Jadi, berbekal informasi tersebut, Hinata akhirnya mengubah keputusannya. Ia akan menerima apa yang diwasiatkan oleh Madara, membuat sang pengacara bernafas lega sementara kerabat lain Madara melemparkan tatapan membunuh kepadanya padanya.

Tapi kembali lagi ke pembahasan di awal, bukan karena patah hati dan berakhirnya kisah cinta dengan sang kekasih hati, ataupun menjadi pewaris untuk harta yang sama sekali tak diinginkannya. Tidak, alasan utama Hinata menyebut ini adalah tahun terburuk adalah karena adanya syarat yang menyertai wasiat tersebut.

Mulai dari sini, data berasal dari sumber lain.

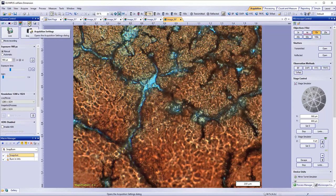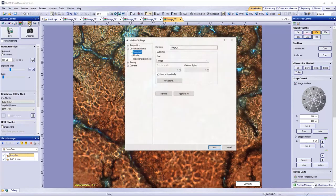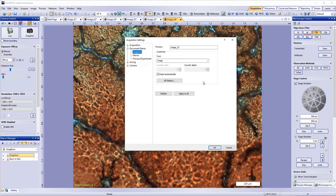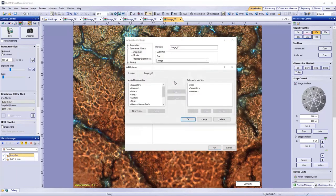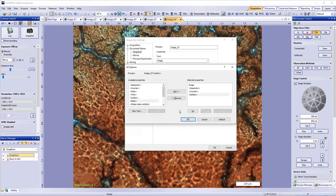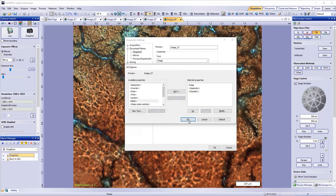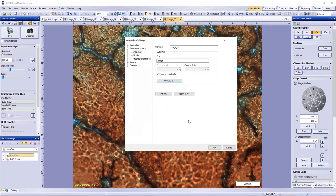Next, I'll show you how to select other data that can be added to the image name. Go to All Options, select the data that you would like to include from the list on the left, and click the Add button. To remove these data, select it from the list on the right, and hit the Remove button. The same naming functionality is available for movies, processes, and experiments.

Dan Hinata nyaris berhenti bernafas ketika sang pengacara menyebutkan bahwa ia, Hyuuga Hinata, harus tinggal satu atap di rumah Uchiha Madara, bersama dengan Uchiha Sasuke selama tiga bulan penuh, dan tak boleh berpisah sama sekali.

Tinggal dengan Uchiha Sasuke?

Tiga bulan?

Tak boleh berpisah?

Kali ini, Hinata yakin, Uchiha Madara pasti sudah benar-benar gila.

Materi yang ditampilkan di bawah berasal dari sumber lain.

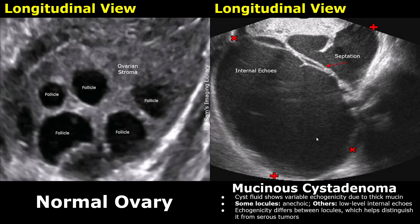Mucinous cystadenomas are composed of multiple locules, and each locule may contain mucin of different viscosity and concentration. Because ultrasound echogenicity depends on how sound waves interact with the internal contents, these differences in mucin consistency lead to different ultrasound appearances in adjacent locules.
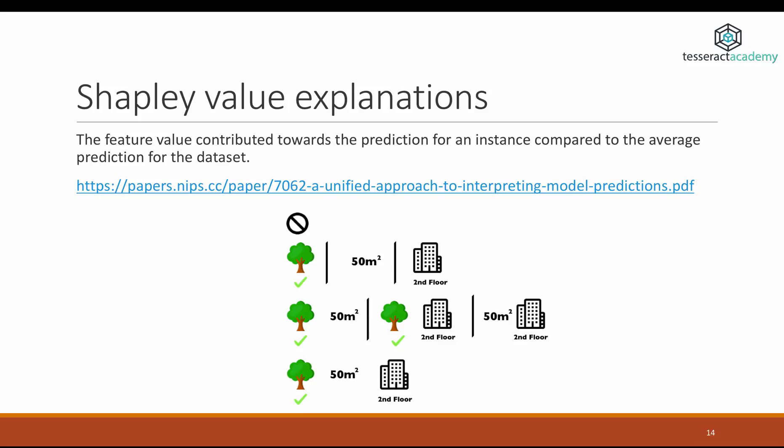This is the method of SHAP value explanations. This method first appeared in a paper in 2017 presented at NIPS, which is one of the most prestigious conferences in machine learning and neural networks. NIPS stands for Neural Information Processing Systems.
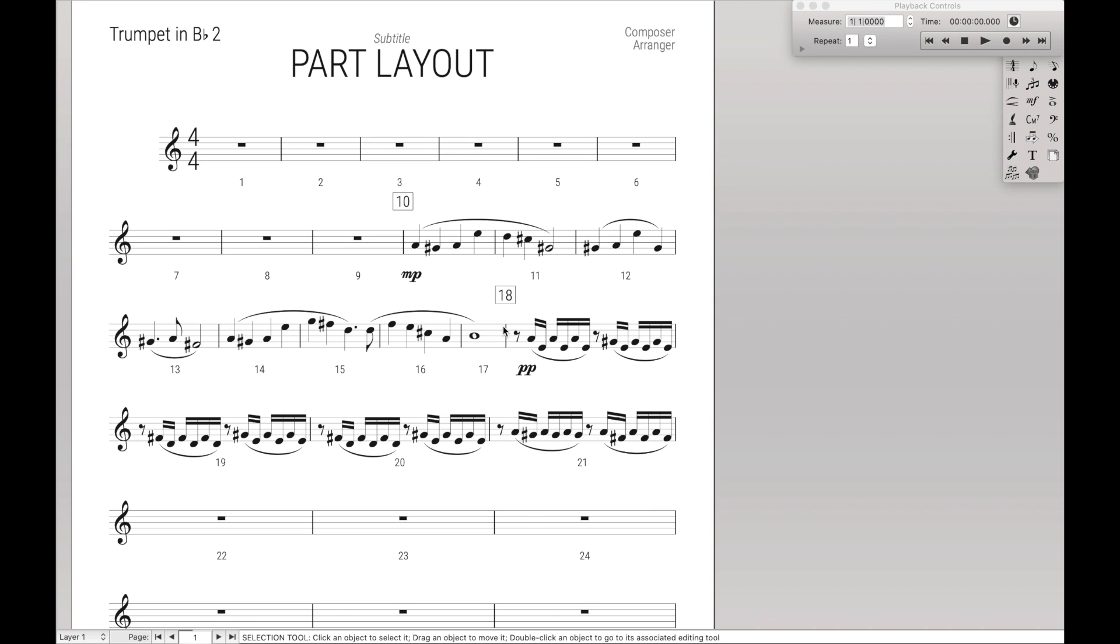Hello SuperUser, so today we're going to learn about part layout, specifically how you can create really good looking parts really fast.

Naruto © Masashi Kishimoto

Pairing : SasuHina

Rate : K+

Warning : Typo. OOC. Open ending. Dedicated for #SHBF7 prompt #Chainedup.

For The Sake of Will © Raye. Harrogath

Beta Reader. Editor © Hazelleen


"Aku masih tidak mengerti kenapa kita harus melakukan ini berdua?" Hinata menggerutu sembari memasukkan daging yang sudah dibungkus ke dalam keranjang belanja mereka.

Mereka.

Ya, ia dan Sasuke. Salah satu syarat dari wasiat konyol yang ditinggalkan Madara berbunyi bahwa mereka harus selalu pergi berdua jika meninggalkan rumah. Sekali saja dilanggar, maka mereka bisa mengucapkan selamat tinggal pada warisan itu.

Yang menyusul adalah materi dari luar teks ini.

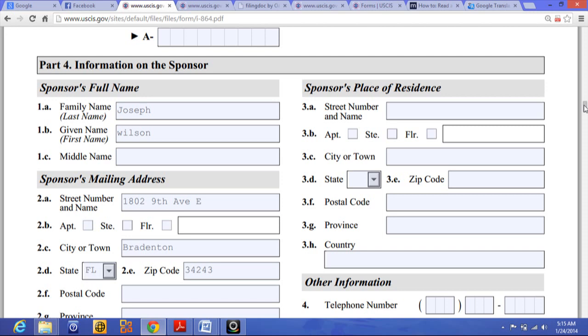If you are not currently living in the United States, you must show that your trip abroad is temporary and that you have maintained your domicile in the United States. You can show this by providing proof of your voting record in the United States, paying state or local taxes, proof of having property in the United States, or proof of maintaining a bank or investment account in the United States. If you intend to reestablish your domicile in the United States no later than the date of the immigrant's admission, you must submit proof of concrete steps taken toward that.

Sasuke melirik ke arahnya, dan dengan bijak tak berkomentar apapun. Meladeni Hinata yang sedang dalam mode cerewetnya hanya akan membuat kepalanya terasa pusing. Ia menyibukkan dirinya dengan memilih sayur-sayuran segar untuk persediaan makanan mereka.

"Maksudku, belanja itu kan urusan mudah. Aku tak membutuhkan bantuan. Aku bukan anak kecil yang harus ditemani untuk urusan sepele seperti ini."

Sasuke melirik ke arah tomat yang terlihat segar, dan memutuskan bahwa sup tomat akan terasa nikmat di musim dingin seperti sekarang. Sekali lagi mengabaikan Hinata.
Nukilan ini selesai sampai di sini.